If you question whether you’ll ever be able to pay off your loan, it may be better to move out.  Some of these options may hurt your credit score but not as much as a foreclosure, and they put in a better financial situation.  Consider these options:

  1. Rent The Property.  This option may help pay your monthly mortgage but requires a lot of work finding tenants and you still pay for maintenance on your property.
  2. Sell Your Home.  It’s unlikely someone will buy your home for the full amount you owe the bank. If you can sell your home for less, the bank may forgive the difference between what you owe and the final sales price they buyer pays (see option #10).
  3. Bankruptcy.  This can stop or delay a foreclosure but does not eliminate your mortgage because a “secured” creditor has a mortgage on the property as collateral.  Make sure to talk to a bankruptcy attorney.
  4. Deed-in-lieu of Foreclosure.  You voluntarily give your home back to the lender in exchange for being forgiven of the mortgage. You may still have to pay the difference between what the bank sells the home for and what you still owe on your loan, plus legal fees. Many banks won’t consider this until a short sale has been attempted.

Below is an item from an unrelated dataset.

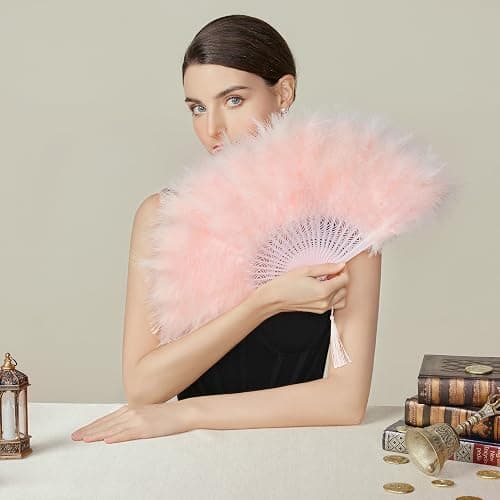 BABEYOND Marabou Feather Fan 20s Vintage Folding Fan Flapper Hand Fan for Costume Dancing Show Tea Party Wedding Decoration (Pink-Pink Rib) thumbnail 3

  5. Short Sale.  This involves selling your home for less than you owe on the loan. The lender usually doesn’t allow it unless you have a valid hardship and no assets.  It can be a long process, but has less credit consequences than foreclosure.
  1. Get Help As Soon As Possible From An Expert.  Don’t listen to everything you see or read in the news and possibly be duped by scammers.  Turn to these qualified people for advice:
  1. Your REALTOR® can determine the current value of your home and review the options above.
  2. A Foreclosure Counselor will help you evaluate your current financial situation by reviewing your monthly expenses and income.  A counselor can also identify assistance programs and serve as an advocate with your bank, free of charge. 
  3. A Tax Expert will advise you if you do a short sale or deed-in-lieu of foreclosure as forgiveness of debt is sometimes considered taxable income.
  4. A Credit Counselor can help you develop a plan to avoid future financial difficulty and work with you to repair your credit score.
  5. An Attorney can help if your lender has filed a foreclosure lawsuit by reviewing the lender’s paperwork to see if the loan servicing company made a mistake in applying payments or assessing fees.